10 septembre 2008

Simplement déchiré!



Cher Gaëtan Bouchard,

Je ne lis pas toute ta production par manque de temps. Par contre, j'en lis assez de phrases et assez régulièrement pour la goûter et y retourner pour une deuxième bollée. Je n'ai pas encore contacté la listériose ou autres bibittes microscopiques. Bon signe! Je te réponds à partir de mon blogue pour susciter un peu d'action. Tu connais ça n'est-ce pas? Faut dire qu'après plusieurs mois de silence, pas évident pour les lecteurs s'il y en avait. Bémol... Mais, bon...

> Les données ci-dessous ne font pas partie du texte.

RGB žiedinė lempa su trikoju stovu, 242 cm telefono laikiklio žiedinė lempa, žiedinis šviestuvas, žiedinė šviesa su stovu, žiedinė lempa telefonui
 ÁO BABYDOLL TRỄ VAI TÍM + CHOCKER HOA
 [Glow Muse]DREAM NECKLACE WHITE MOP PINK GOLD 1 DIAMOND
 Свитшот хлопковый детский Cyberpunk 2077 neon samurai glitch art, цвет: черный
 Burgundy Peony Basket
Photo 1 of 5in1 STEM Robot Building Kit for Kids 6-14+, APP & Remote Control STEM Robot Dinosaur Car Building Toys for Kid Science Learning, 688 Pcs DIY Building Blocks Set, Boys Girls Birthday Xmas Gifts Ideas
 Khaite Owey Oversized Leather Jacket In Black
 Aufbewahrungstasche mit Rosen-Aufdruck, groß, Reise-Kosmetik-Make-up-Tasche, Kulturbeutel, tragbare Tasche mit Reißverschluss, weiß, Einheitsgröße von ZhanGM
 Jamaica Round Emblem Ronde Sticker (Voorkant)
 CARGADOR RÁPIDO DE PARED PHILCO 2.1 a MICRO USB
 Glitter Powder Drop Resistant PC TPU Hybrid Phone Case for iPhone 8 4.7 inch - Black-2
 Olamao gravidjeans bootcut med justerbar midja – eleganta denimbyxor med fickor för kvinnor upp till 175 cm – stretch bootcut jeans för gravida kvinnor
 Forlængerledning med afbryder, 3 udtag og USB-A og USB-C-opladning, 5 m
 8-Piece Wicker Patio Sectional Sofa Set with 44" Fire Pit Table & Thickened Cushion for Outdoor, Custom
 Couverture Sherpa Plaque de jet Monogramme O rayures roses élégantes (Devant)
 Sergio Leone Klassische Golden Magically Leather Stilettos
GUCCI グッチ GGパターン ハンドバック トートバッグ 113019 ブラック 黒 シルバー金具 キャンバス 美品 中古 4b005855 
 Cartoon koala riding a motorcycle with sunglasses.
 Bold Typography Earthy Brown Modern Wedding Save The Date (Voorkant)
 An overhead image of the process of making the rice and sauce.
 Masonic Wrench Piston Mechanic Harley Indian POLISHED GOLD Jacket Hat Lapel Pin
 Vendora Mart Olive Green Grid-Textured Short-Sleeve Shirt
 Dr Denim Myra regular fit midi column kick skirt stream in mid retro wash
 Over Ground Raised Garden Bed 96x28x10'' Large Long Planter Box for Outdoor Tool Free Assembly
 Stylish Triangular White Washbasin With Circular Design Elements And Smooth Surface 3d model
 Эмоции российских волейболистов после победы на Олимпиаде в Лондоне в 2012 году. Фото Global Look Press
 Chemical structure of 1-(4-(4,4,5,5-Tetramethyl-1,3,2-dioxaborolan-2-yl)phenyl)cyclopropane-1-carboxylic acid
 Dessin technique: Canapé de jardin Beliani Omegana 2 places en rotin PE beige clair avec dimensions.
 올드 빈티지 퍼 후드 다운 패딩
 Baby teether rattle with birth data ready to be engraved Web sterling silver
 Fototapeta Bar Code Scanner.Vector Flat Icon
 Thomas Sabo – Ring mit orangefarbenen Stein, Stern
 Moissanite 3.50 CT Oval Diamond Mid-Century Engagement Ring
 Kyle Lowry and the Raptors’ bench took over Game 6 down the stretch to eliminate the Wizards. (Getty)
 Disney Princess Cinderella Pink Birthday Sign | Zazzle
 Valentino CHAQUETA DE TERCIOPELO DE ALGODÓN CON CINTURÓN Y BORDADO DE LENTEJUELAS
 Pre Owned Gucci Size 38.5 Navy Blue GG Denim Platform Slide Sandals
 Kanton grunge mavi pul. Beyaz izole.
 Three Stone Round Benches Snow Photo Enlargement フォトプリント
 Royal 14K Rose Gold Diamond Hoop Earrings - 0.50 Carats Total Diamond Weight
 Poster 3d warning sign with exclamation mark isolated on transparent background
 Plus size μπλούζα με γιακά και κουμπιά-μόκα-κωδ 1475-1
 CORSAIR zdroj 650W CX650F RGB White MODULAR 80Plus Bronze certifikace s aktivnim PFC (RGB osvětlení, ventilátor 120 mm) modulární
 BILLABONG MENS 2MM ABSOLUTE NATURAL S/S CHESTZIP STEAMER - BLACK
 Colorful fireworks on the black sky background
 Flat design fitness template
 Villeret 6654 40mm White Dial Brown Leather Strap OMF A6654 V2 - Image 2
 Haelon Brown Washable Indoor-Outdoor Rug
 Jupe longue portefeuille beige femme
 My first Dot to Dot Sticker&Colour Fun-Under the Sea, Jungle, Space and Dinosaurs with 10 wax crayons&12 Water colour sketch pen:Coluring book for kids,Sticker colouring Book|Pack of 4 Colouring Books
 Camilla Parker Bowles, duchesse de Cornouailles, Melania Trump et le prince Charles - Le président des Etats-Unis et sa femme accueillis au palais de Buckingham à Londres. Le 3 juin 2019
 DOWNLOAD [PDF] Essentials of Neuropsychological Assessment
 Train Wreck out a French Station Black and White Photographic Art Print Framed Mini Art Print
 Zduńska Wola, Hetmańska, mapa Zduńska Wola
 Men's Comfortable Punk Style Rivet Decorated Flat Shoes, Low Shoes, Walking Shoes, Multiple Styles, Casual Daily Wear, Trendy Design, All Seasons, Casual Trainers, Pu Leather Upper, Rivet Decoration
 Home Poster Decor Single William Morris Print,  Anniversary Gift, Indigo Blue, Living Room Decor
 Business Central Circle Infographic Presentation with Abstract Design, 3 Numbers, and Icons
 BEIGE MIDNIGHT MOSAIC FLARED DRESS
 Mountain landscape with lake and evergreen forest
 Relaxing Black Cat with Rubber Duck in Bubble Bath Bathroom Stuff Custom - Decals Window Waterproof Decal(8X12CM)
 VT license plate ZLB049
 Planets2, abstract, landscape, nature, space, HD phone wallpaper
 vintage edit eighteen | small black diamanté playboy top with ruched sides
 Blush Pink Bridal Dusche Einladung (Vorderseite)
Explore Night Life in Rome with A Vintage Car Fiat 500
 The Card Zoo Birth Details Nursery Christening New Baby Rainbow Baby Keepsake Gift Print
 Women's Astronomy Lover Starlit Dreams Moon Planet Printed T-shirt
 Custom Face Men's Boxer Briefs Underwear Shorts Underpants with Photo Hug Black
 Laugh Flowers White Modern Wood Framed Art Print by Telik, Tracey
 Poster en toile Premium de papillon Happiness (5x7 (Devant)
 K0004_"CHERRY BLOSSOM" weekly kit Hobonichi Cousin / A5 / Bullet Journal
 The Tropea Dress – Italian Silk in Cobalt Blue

J'aime ton style. Toutefois, comme le dit mon titre, je suis déchiré. Ma chemise est toujours intacte; mon moral aussi : je ne perds pas de sommeil sur ton écriture. Mais voilà : je suis professeur de français! Comment veux-tu que je cautionne tes rabelaiseries? En fait, nous sortons à peine du chapitre du Moyen Âge mes étudiants et moi. Tous ces alchimiques méandres plus ou moins barbares que je scrute depuis des années me fascinent. Les Goths des quatre coins des Caucases et des steppes ont détruit l'Antiquité romaine et, bien sûr, buté contre la musulmane pour la fameuse et combien intéressée conquête de la tombe du Christ à Jérusalem. Ça fait penser à Bush en Iraq; ça maintient un calme relatif à la maison et de l'argent plein la forge. Mais on a dû attendre longtemps avant de retrouver un semblant de littérature! Des lustres, avant de foutre une baffe aux cléricaux liseurs de bréviaire morons qui tenaient le peuple dans l'ignorance et couchaient avec les potentats. Alors, si je suce la substantielle moelle, je ne veux pas gruger mon os. J'aime bien ma civilisation finalement. Gutenberg est mon héros; Gates, ma passerelle! Gaëtan! Le françoé de douze cents avait encore des mailles dans l'oesophage et Rabelais quelques poussières dans le collimateur.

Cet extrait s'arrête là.